Required work |
Exactly the lines from the one containing "Research paper thumbnail" through the end of the data, and nothing more, should be retyped; pictures stay out.

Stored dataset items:
= Beginning of Section =

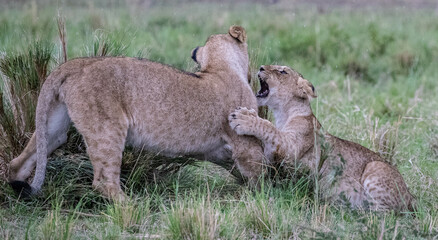 Playful Lion Cubs in the Wild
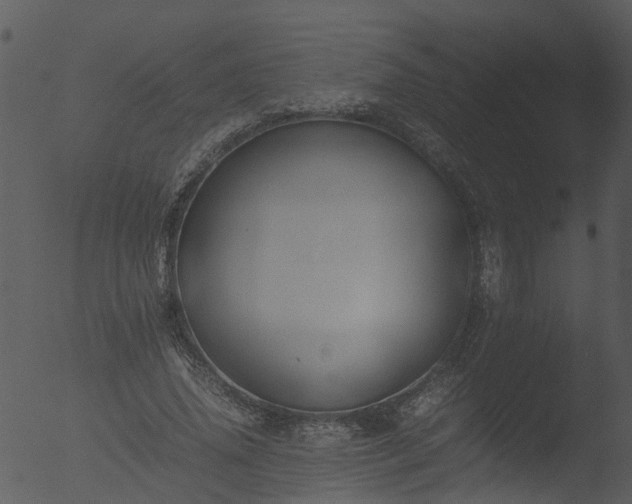 X0000053070636200507181627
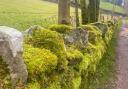 A moss covered stone wall at Foulridge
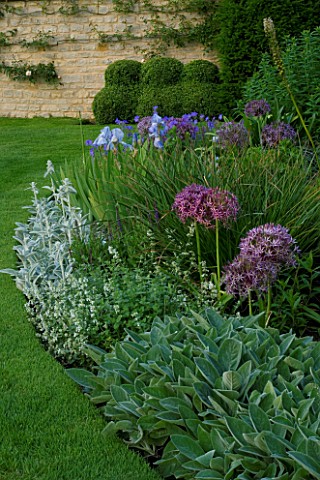 THE_OLD_RECTORY__HASELBECH__NORTHAMPTONSHIRE__BORDER_BESIDE_A_LAWN_WITH_ALLIUM_CHRISTOPHII__IRIS_JAN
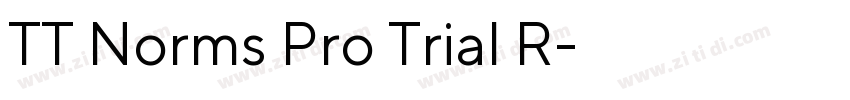 TT Norms Pro Trial R字体转换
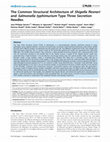 Research paper thumbnail of The Common Structural Architecture of Shigella flexneri and Salmonella typhimurium Type Three Secretion Needles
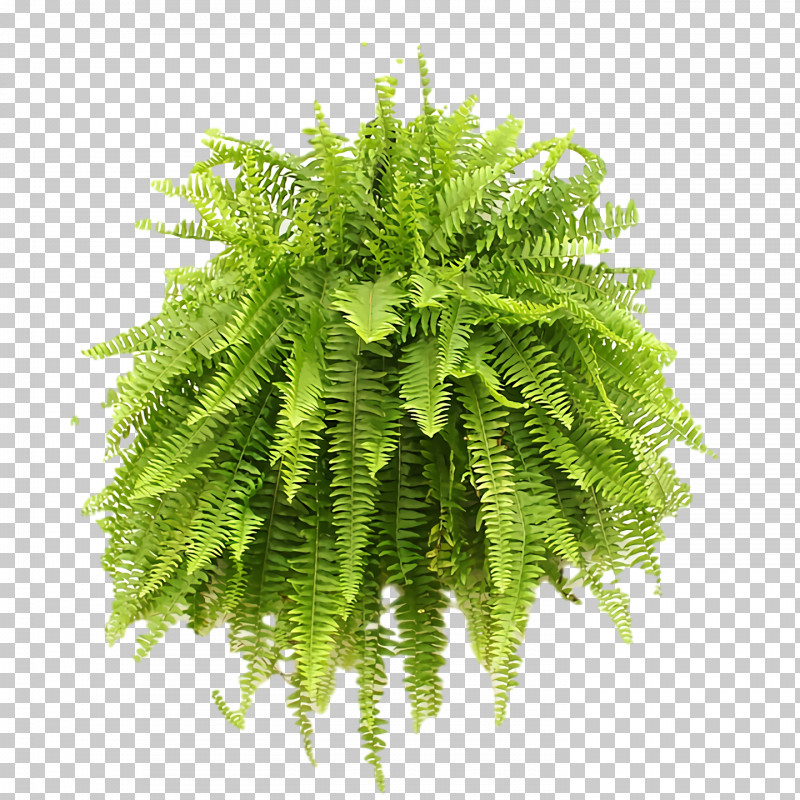 Fern PNG, Clipart, Biology, Common Ostrich, Fern, Ostrich Fern, Plants Free PNG Download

= End of Section =

Exercise response |
 Research paper thumbnail of The Common Structural Architecture of Shigella flexneri and Salmonella typhimurium Type Three Secretion Needles
 Fern PNG, Clipart, Biology, Common Ostrich, Fern, Ostrich Fern, Plants Free PNG Download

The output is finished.